Folha de S. Paulo


editorial

Espiral turca

Jamais será fácil enfrentar uma sequência de ataques terroristas como a que atormenta a Turquia, mas isso não significa que a comunidade internacional deva aplaudir qualquer resposta. Existem caminhos piores e melhores —e os escolhidos pelo presidente Recep Tayyip Erdogan estão entre os primeiros.

Não se trata de minimizar os desafios impostos pela onda de atentados, que matou pelo menos 286 pessoas no ano passado. Na tragédia mais recente, um terrorista da facção Estado Islâmico tirou a vida de 39 pessoas que celebravam o Réveillon em um clube noturno.
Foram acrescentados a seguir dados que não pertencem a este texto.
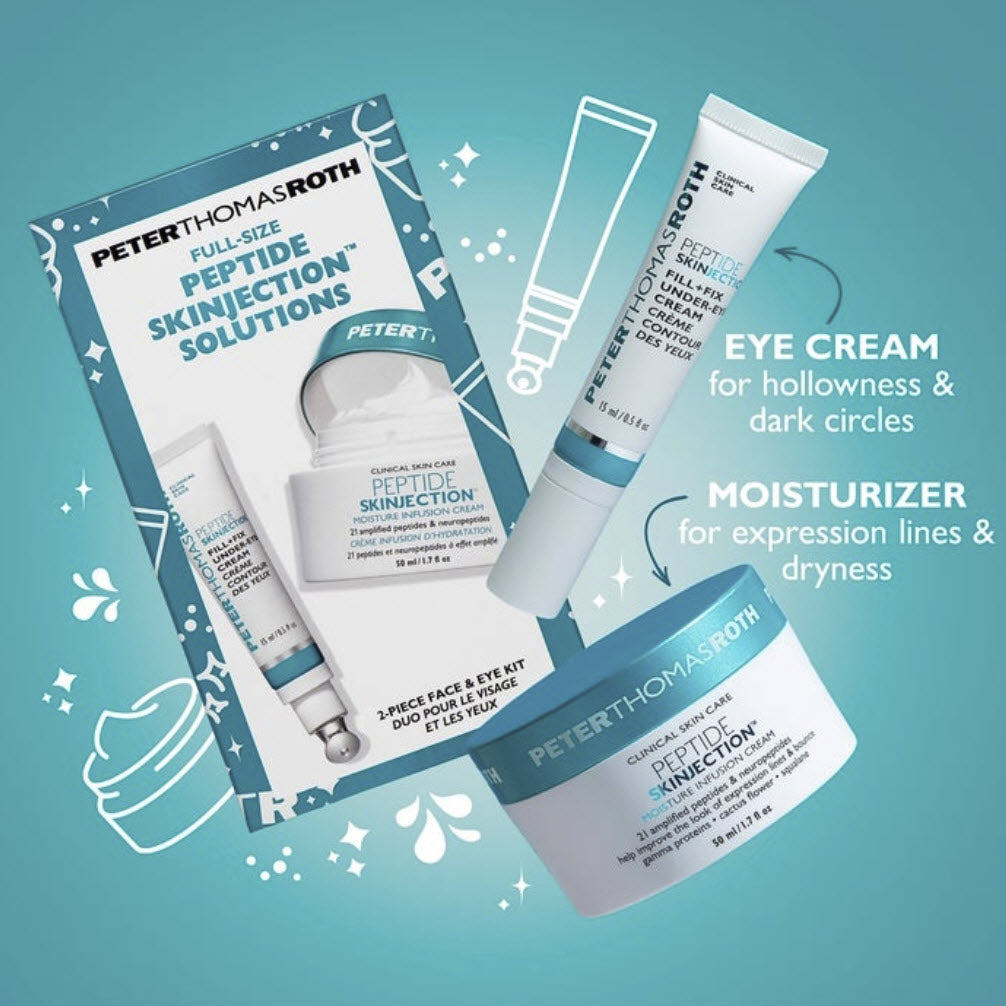 Peter Thomas Roth® Full-Size Peptide Skinjection Face & Eye Kit Duo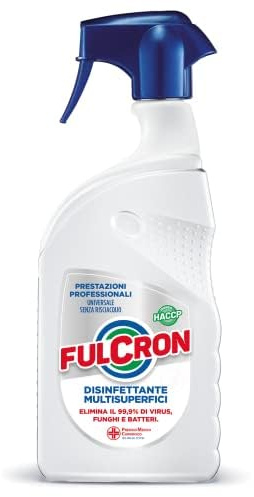 FULCRON Disinfettante Multisuperfici, Detergente Inodore, Elimina il 99,9% di Virus, Funghi e Batteri, 750 Ml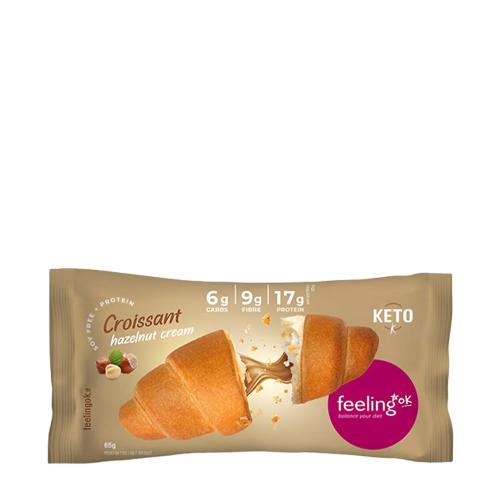 FeelingOK High Protein Croissant (65 g, Hazelnut Creme)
A escalada das últimas semanas inclui o assassinato do embaixador russo numa exposição de arte e a detonação de bombas por separatistas curdos nas imediações de um estádio de futebol em Istambul, com um saldo de 40 mortes.
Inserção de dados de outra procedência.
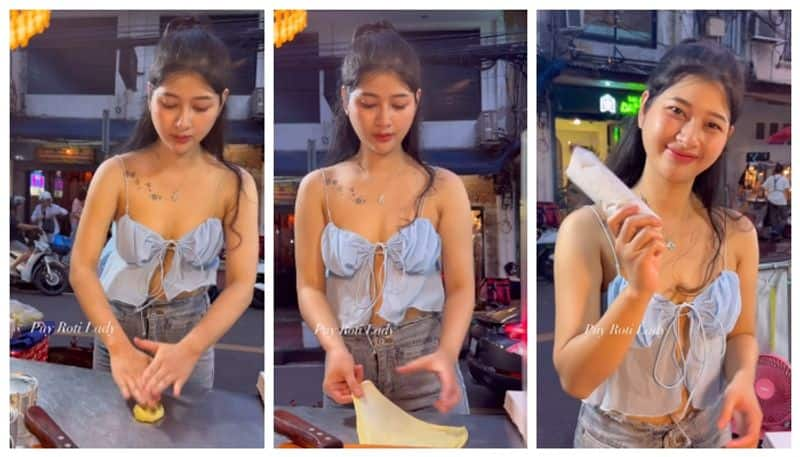 Thai girl becomes Thailand s Paratha Girl Pui s street cart video goes viral 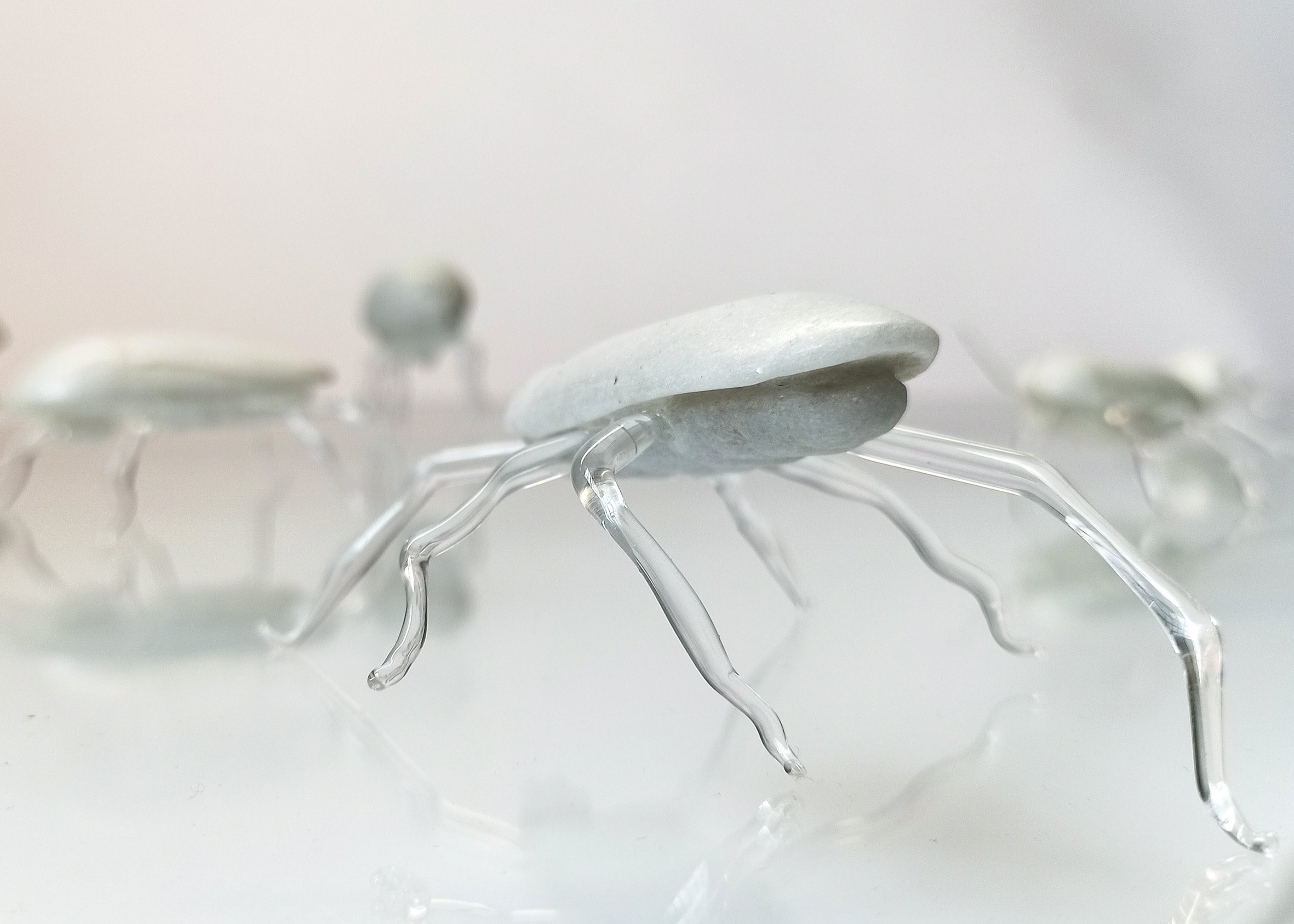 Ambra Viviani - And the solution is to convert them into highly digestible protein sources - Carrara marble and glass - 2019 - China Academy of the Arts Hangzhou China - Atelier Mondial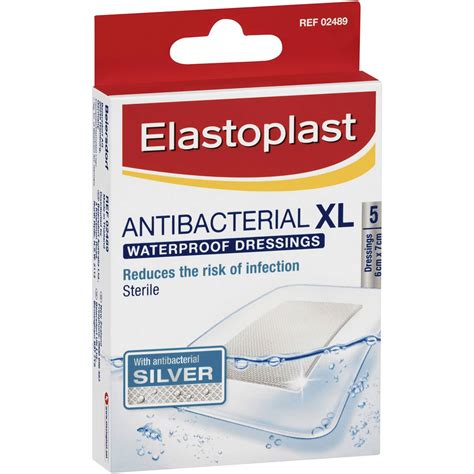 Elastoplast Antibacterial Waterproof Xl Strips 5 Pack Woolworths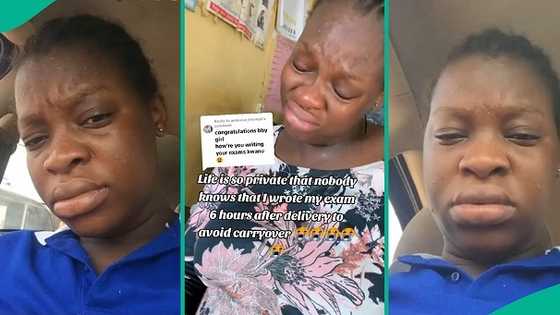 Woman goes into exam hall just 6 hours after delivering her baby, video goes viral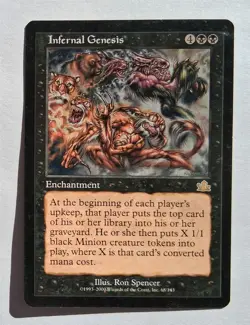 Magic MTG - Infernal Genesis - Prophecy - LP - Image 1
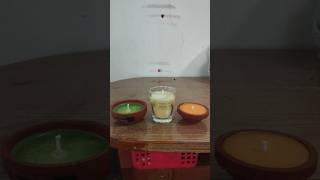 Mud pot and shot glass scented candles trending viralvideo shortvideo [upl. by Felipe]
Erdogan, ademais, tem de lidar com as graves consequências da guerra civil na Síria —que inunda a Turquia de refugiados— e sobreviveu a um golpe de Estado, em julho.

Como reação à intentona, o presidente demitiu milhares de funcionários públicos (estima-se que mais de 120 mil) com vistas a garantir a estabilidade do Estado. Ao que tudo indica, deu-se o inverso: esvaziou-se o aparato de inteligência e segurança, e o governo não consegue antecipar ameaças.
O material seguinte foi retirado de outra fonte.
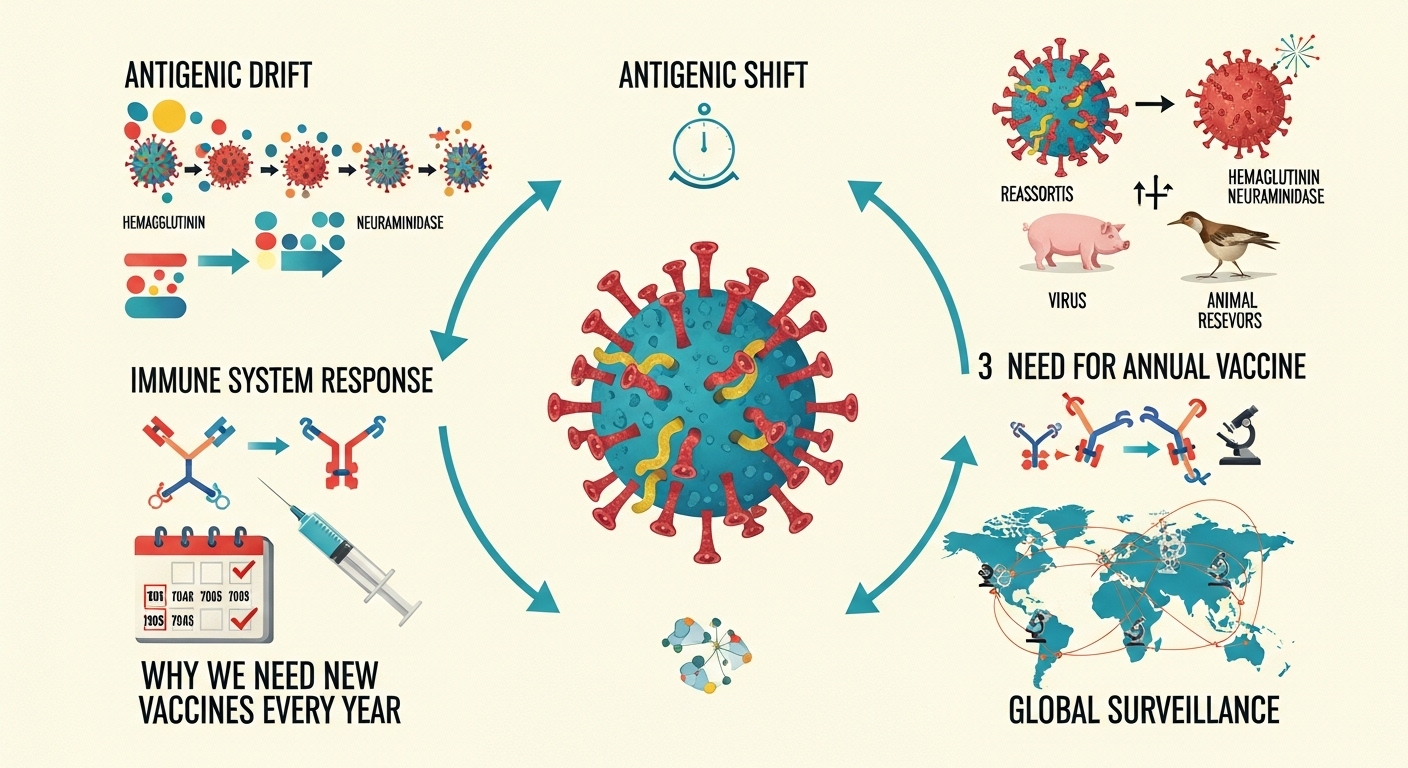 Evolusi Virus Influenza: Mengapa Kita Perlu Vaksin Baru Setiap Tahun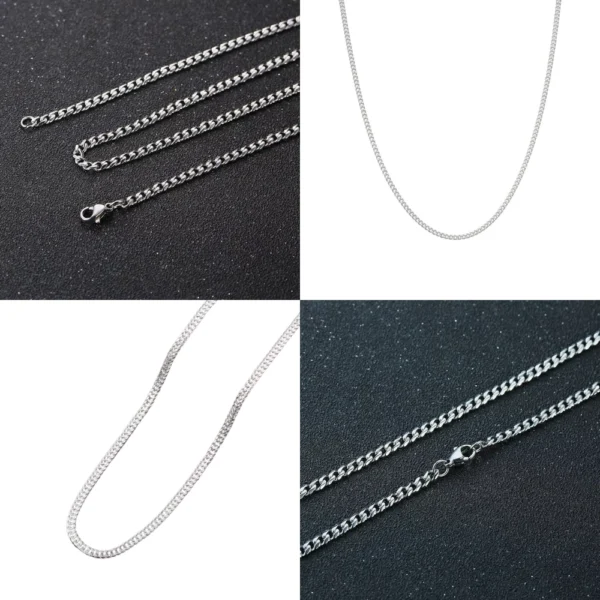 Cadena Acero Miami Cuban 3 mm Imagenes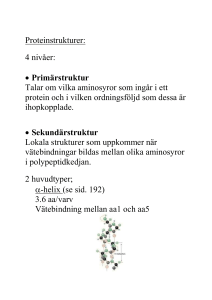 Proteinstrukturer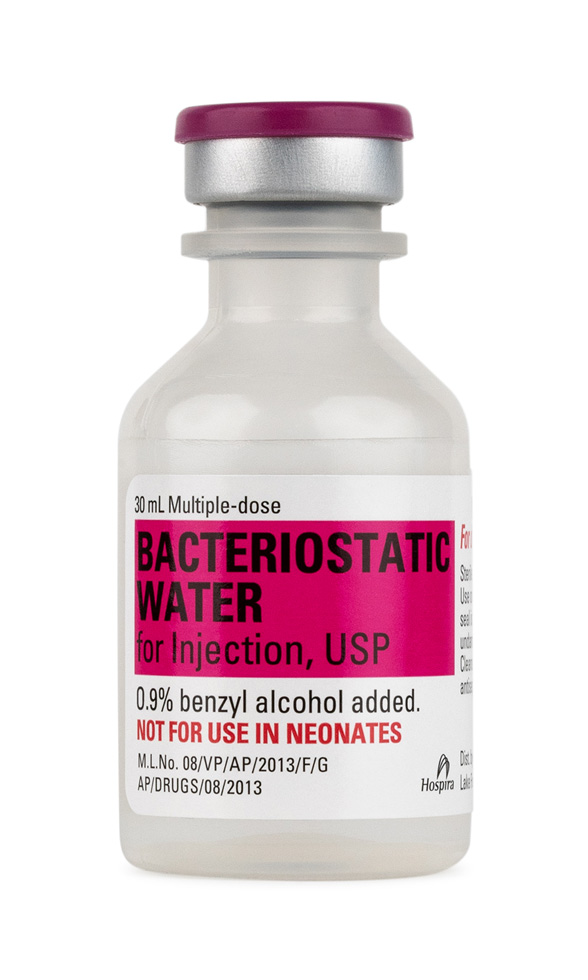 Bacteriostatic Water(Benz Alc) Vial — prescription drug image
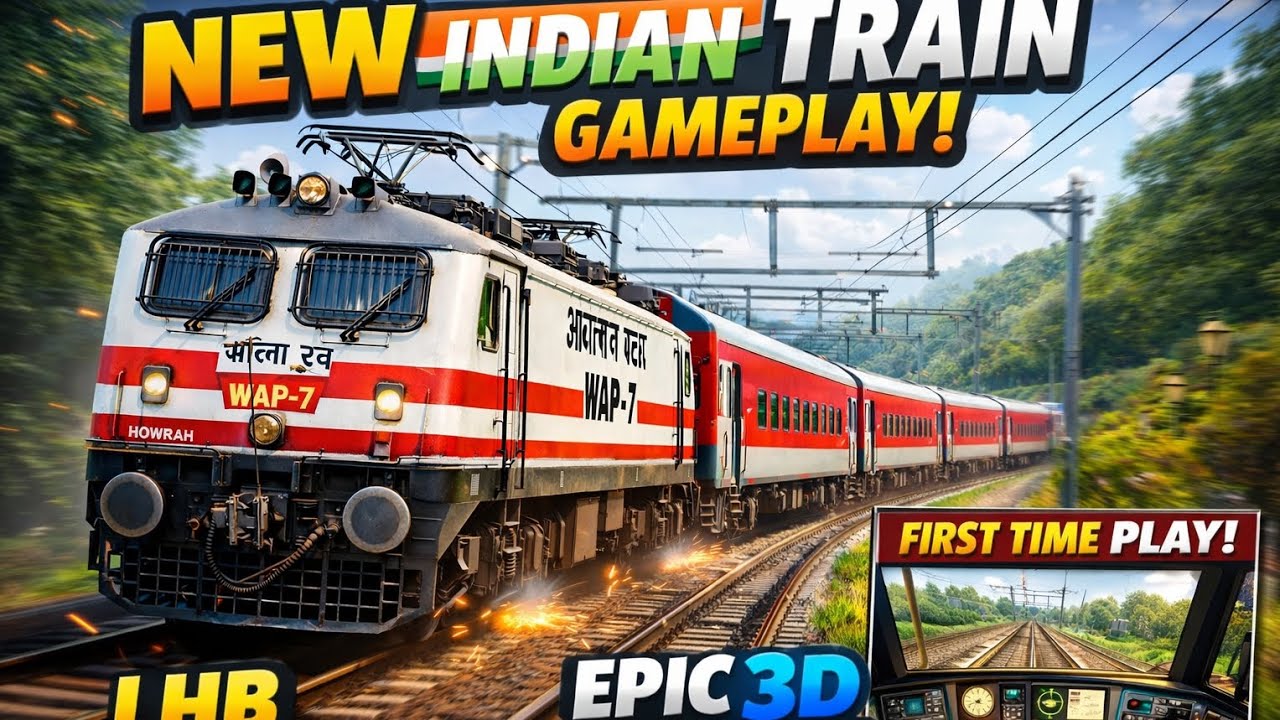 🚆 Amazing Train Curve View 😍 | Indian Train Simulator Gameplay #train #game #viral #indian #milion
As crises simultâneas, porém, não equivalem a uma carta branca nas mãos de Erdogan, sobretudo quando pretende dilacerar as bases da já frágil democracia turca.

Contando com respaldo de parte da sociedade, o presidente cria adversários imaginários ao equiparar críticas ao governo a um crime contra o Estado. Em clima de caça às bruxas, o Ministério do Interior anunciou que investiga 10 mil pessoas pelo uso de redes sociais, alegadamente para apoiar grupos terroristas ou insultar o poder público.

A imprensa tornou-se alvo preferencial. Cerca de 150 jornalistas estão na prisão sob acusações infundadas e sem direito ao devido processo legal. Além de perseguir críticos, Erdogan insufla o nacionalismo rasteiro —tática nada inédita.

Contra a desaprovação internacional, aliados em alguns meios de comunicação insuflam teorias conspiratórias; potências ocidentais, EUA à frente, teriam ligações com as ações terroristas.

Assim como aconteceu nos EUA depois do 11 de Setembro e, mais recentemente, na Alemanha, os ataques terroristas estimulam a busca de soluções falsas no autoritarismo e na xenofobia. Nessa prova de fogo, a Turquia avança depressa no rumo oposto ao desejável.